= PROBLEM DESCRIPTION =
A faithful copy of the data is the goal; set it down exactly, without the images.

[Extracted records]
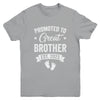Promoted To Great Brother Est 2025 Pregnancy Announcement Youth Shirt | siriusteestore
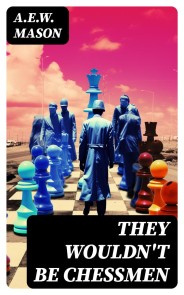 They Wouldn't Be Chessmen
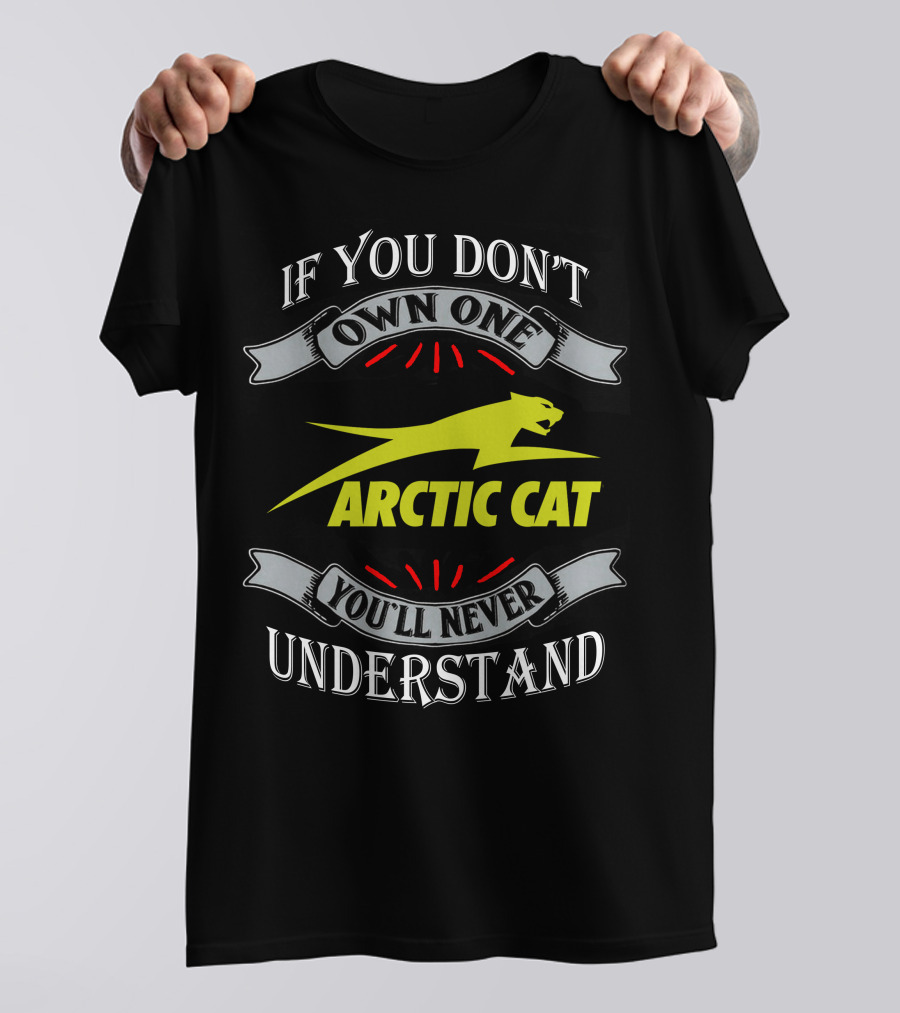If You Don't Own One You'll Never Understand Arctic Cat T-Shirt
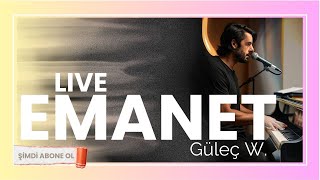 Güleç W  Emanet Live [upl. by Haraj218]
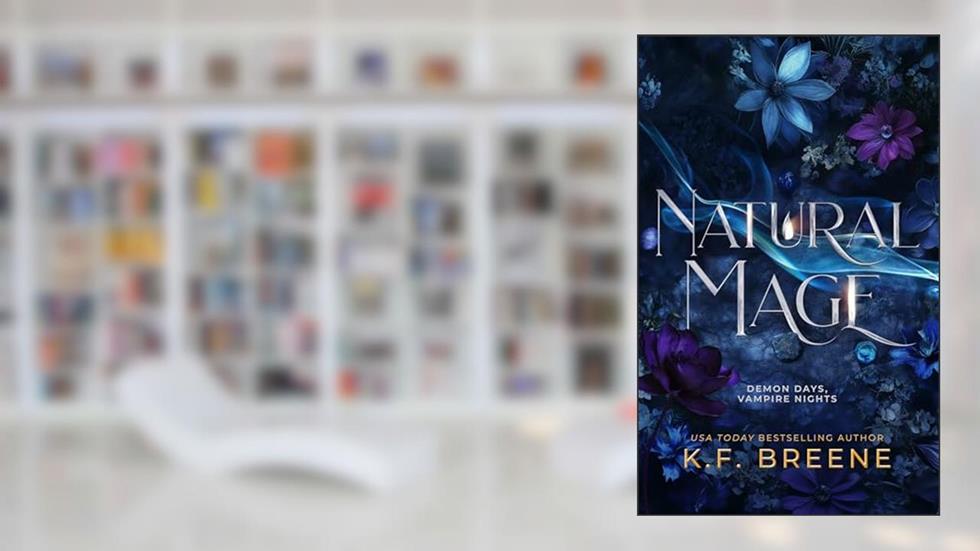 Natural Mage (Demon Days, Vampire Nights World Book 5), written by K.F. Breene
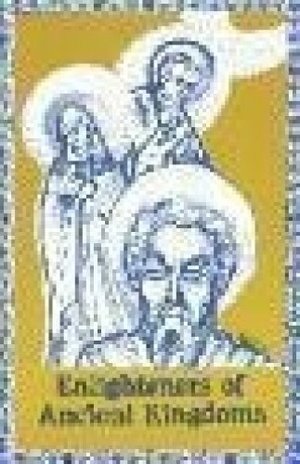 Enlighteners of Ancient Kingdoms Enlighteners of Ancient Kingdoms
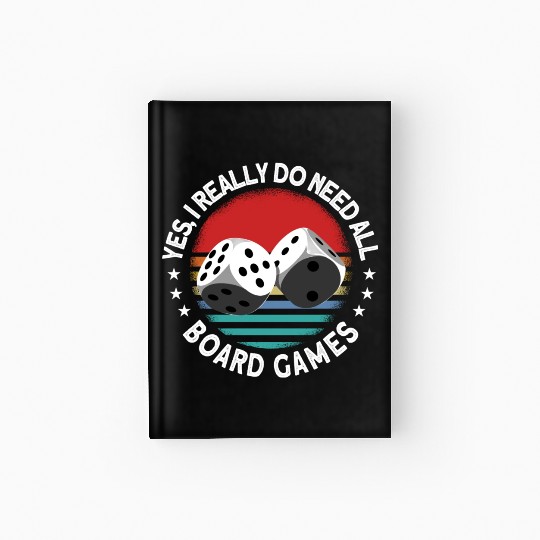 Yes I Really Do Need All Board Games Board Game Hardcover Journal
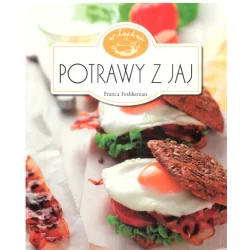 W KUCHNI. POTRAWY Z JAJ Franca Feslikenian - Olesiejuk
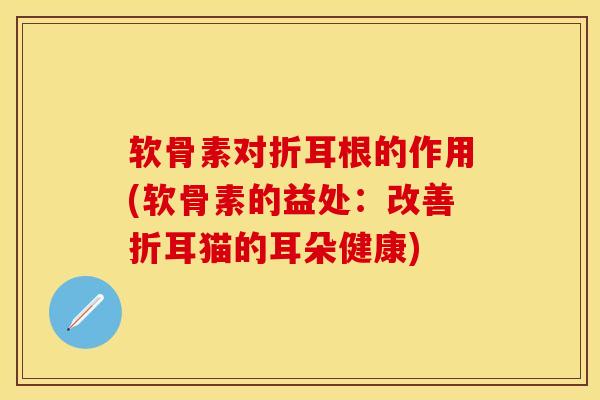 软骨素对折耳根的作用(软骨素的益处：改善折耳猫的耳朵健康)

= ANSWER =
Promoted To Great Brother Est 2025 Pregnancy Announcement Youth Shirt | siriusteestore
 They Wouldn't Be Chessmen
If You Don't Own One You'll Never Understand Arctic Cat T-Shirt
 Güleç W  Emanet Live [upl. by Haraj218]
 Natural Mage (Demon Days, Vampire Nights World Book 5), written by K.F. Breene
 Enlighteners of Ancient Kingdoms Enlighteners of Ancient Kingdoms
 Yes I Really Do Need All Board Games Board Game Hardcover Journal
 W KUCHNI. POTRAWY Z JAJ Franca Feslikenian - Olesiejuk
 软骨素对折耳根的作用(软骨素的益处：改善折耳猫的耳朵健康)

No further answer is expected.